Sacco y Vanzetti. Libertarios. Luchadores por la Igualdad en Libertad. Dos anarquistas. Con la palabra y el ejemplo. Cuando fueron detenidos, sin ninguna prueba, se los acusó de un atentado. La policía supo hacer la trampa. El juez Fuller y los demás no se tomaron ningún trabajo. Se “dejaron llevar” por las “pruebas policiales”. Total era lo mismo, si no habían cometido ese delito valía la pena matarlos por sus ideas. Bush también los hubiera calificado de terroristas. Y eso basta.
Fue impresionante cómo la palabra Solidaridad, en todo el mundo, se hizo protagonista. En todos los países hubo mitines, huelgas, protestas, atentados de repudio por Sacco y Vanzetti. En la Argentina, ni que hablar. Los anarquistas no eran niños de pecho. Ante la violencia de arriba no se prosternaban ni huían. Respondían. El 16 de mayo de 1926, a las 23, estalla la protesta en Buenos Aires con una bomba en la embajada norteamericana, en Arroyo y Carlos Pellegrini. El boquete que abre la explosión es tan grande que los policías que llegan pueden entrar por él al edificio. El escudo de Estados Unidos va a parar al medio de la calle. Del almacén de enfrente caen las botellas de las estanterías. Poco después, como se usa, los más altos funcionarios de la policía del gobierno radical de Alvear, encabezados por el jefe de Investigaciones, Santiago, irán a pedirle disculpas al embajador norteamericano y asegurarle que los culpables caerían muy pronto. Pero no sería la única. El 22 de julio de 1927 estalla una bomba en el pedestal de la estatua a Washington, en Palermo. Un banco de mármol, situado junto al monumento, va a parar a cinco cuadras del lugar. Cincuenta minutos después estalla otro artefacto en la empresa Ford, de Perú y (hoy) Hipólito Yrigoyen. El automóvil último modelo expuesto en la vidriera queda totalmente inutilizado.

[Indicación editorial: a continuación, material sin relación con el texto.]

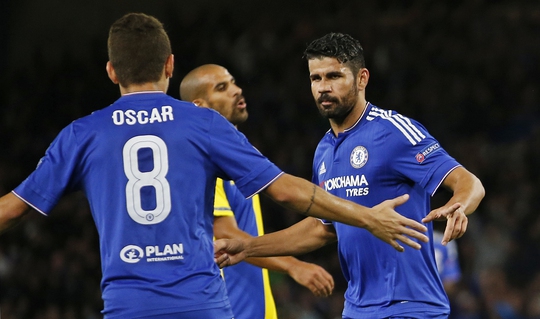 Diego Costa (phải) trở lại sẽ tiếp thêm niềm tin cho hàng công Chelsea trong chuyến làm khách ở PortoẢnh: REUTERS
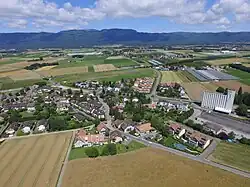 Eysins, aerial view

Por supuesto la policía detiene a toda persona con rostro sospechoso de anarquista. Y el comisario Santiago hace declaraciones optimistas. Pero esa misma noche, el 16 de agosto, explota en su lujosa residencia, Rawson 944, un artefacto que lo deja sin comedor, sin los muebles de esa habitación, sin balcón y sin ventana. Después de esto, el comisario Santiago no hará más declaraciones a los periodistas. Santiago pasó a la historia por inventar el suplicio llamado “pileta” para hacer hablar a los detenidos. Es decir, sumergirle la cabeza en una pileta de agua, hasta el límite.
Pero llegará la noche de la ejecución de los dos héroes, en Charlestown. Buenos Aires siguió ante las pizarras de los diarios, paso a paso, la ejecución de los dos inocentes. Hasta que apareció escrito: “Fueron ejecutados, primero Sacco, luego Vanzetti. Antes de morir gritaron: ¡Viva la Anarquía!”.
Buenos Aires vivió ese día la ira del pueblo. El paro fue general, ordenado por las centrales obreras. Todo el día explotaron petardos como gritos de furiosa protesta, manifestaciones, enfrentamientos con la policía. Como símbolo quedó un tranvía quemado en el centro de Buenos Aires.
El diario anarquista Cúlmine dirá: “Debemos oponer nuestros instrumentos vengadores que quemarán los mil tentáculos monstruosos de la fiera vampírica que envuelven todos los senderos de la tierra. Nuestra dinamita purificará los lugares que la maldita casta del dólar ha apestado”.
Seguirán los atentados, dos de ellos al CitiBank y al Banco de Boston.
Y volvemos al principio: no hay violencia de abajo cuando primero no hay violencia de arriba.